*Material supplied*.
+ + + + +
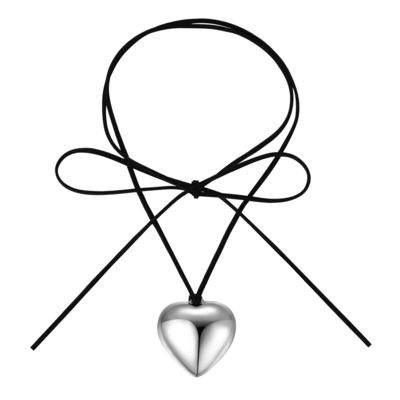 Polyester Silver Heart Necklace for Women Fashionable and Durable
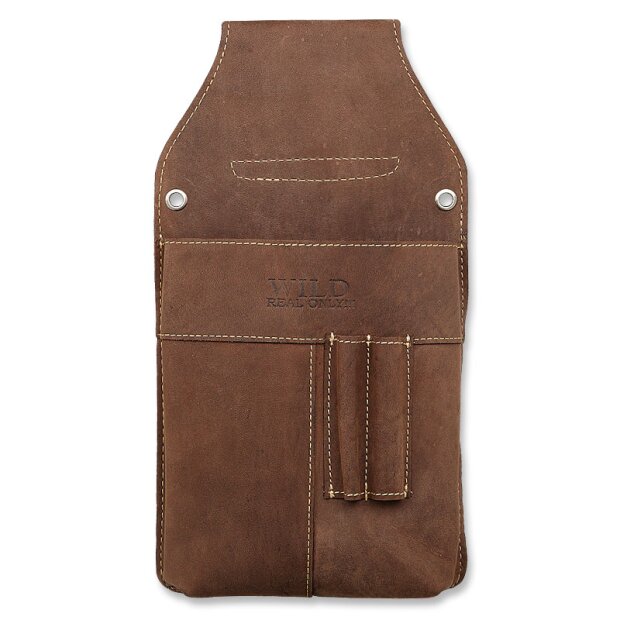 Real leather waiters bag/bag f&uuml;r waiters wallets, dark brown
+ + + + +
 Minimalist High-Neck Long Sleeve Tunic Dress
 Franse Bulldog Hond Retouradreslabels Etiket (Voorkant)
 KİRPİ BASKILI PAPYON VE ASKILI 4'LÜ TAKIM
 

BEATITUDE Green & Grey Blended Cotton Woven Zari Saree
+ + + + +
Working from the entries above, please transcribe only the lines from the line with "Polyester Silver Heart" through the line with "Real leather waiters", exactly, with both end lines and without pictures.

 Polyester Silver Heart Necklace for Women Fashionable and Durable
 Real leather waiters bag/bag f&uuml;r waiters wallets, dark brown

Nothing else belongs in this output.